Former Comptroller of the Currency Thomas J. Curry, a Barack Obama appointee and strong proponent of innovative financial technologies during his tenure from 2012 to 2017, said he is encouraged that several agencies — the Federal Reserve, Office of the Comptroller of the Currency, Federal Deposit Insurance Corporation, Consumer Financial Protection Bureau and National Credit Union Administration — are working together in gathering the information because it will help promote uniformity and clarity in how regulators approach these issues.
“The fact they put out an RFI [request for information] as the vehicle for collecting this data importantly shows their desire to have a unified approach” when it comes to studying and understanding the issues surrounding AI and machine learning, he said.

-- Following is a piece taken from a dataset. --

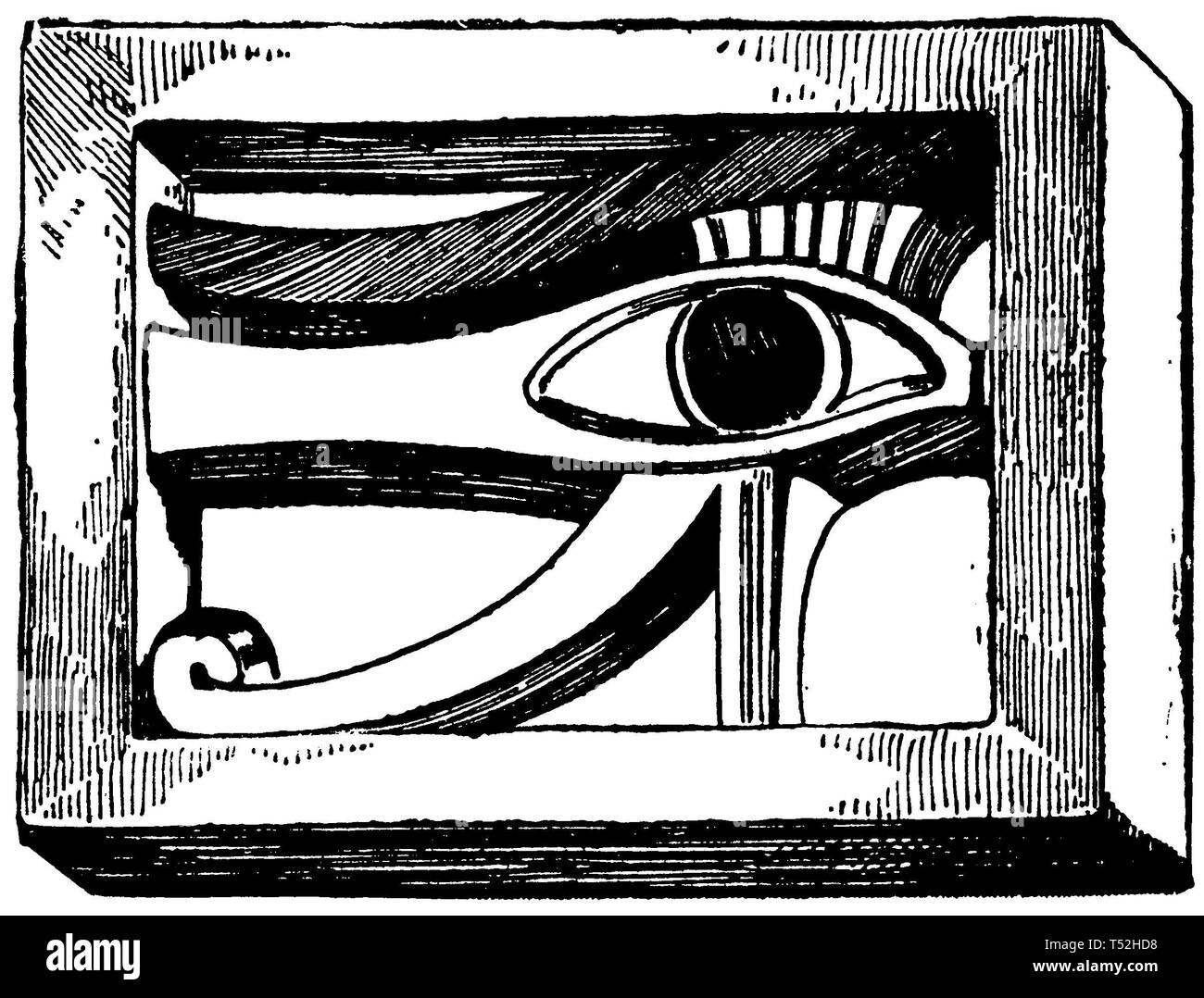 Ägyptisches Amulett der Toten, Stockfoto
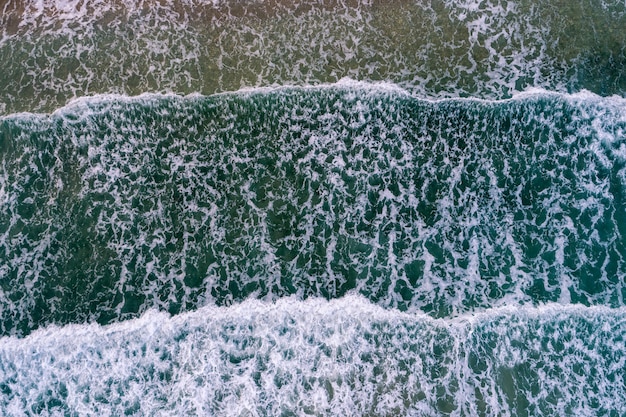 Vista aerea sulla spiaggia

Curry acknowledged that there is “real concern” in the credit underwriting area about the perpetuation of biases in the use of AI and machine learning and that unless the financial industry gets clearer guidance from regulators on fair lending, the issue could hold some financial institutions back from employing the technologies to their maximum potential.
“There is a lot of controversy around Big Data and its potential abuses, and that likely partially drove the decision to issue the RFI,” he said.
Like Curry, Melissa Koide, CEO of FinRegLab, said in an email it was gratifying to see regulators looking to learn more about the roles that artificial intelligence and machine learning can play in the banking system.
“Policymakers are actively building their understanding of the implications of AI/ML on model governance, fairness, explainability, and financial inclusion,” said Koide, who spent more than four years in the Obama administration as the Treasury Department’s assistant secretary for consumer policy. “It’s exciting to see they are working together to build a shared understanding.”
Regulators say the RFI responses will help them determine whether any clarifications are needed for banks to use AI and machine learning in a manner that fully complies with laws and regulations, including consumer protection statutes.
The banking industry appears all in on new technologies, saying it welcomes the government’s research as a step in clarifying existing rules and guidelines to address the risks and opportunities presented by AI.
While clarification is welcome, the American Bankers Association said it doesn’t believe that new regulations are necessary or warranted.
The Bank Policy Institute, another industry group, echoed those sentiments, writing, “AI is a technology like any other, and the risks posed by AI as outlined in the RFI can be managed within existing laws and regulations on the activities in which AI is applied across the financial industry. BPI believes that new regulations are not necessary.”
The agencies accepted responses through July 1 and must now go through the comments. Curry said it will take a while to digest all the information but the process is off to a good start in developing a unified regulatory approach.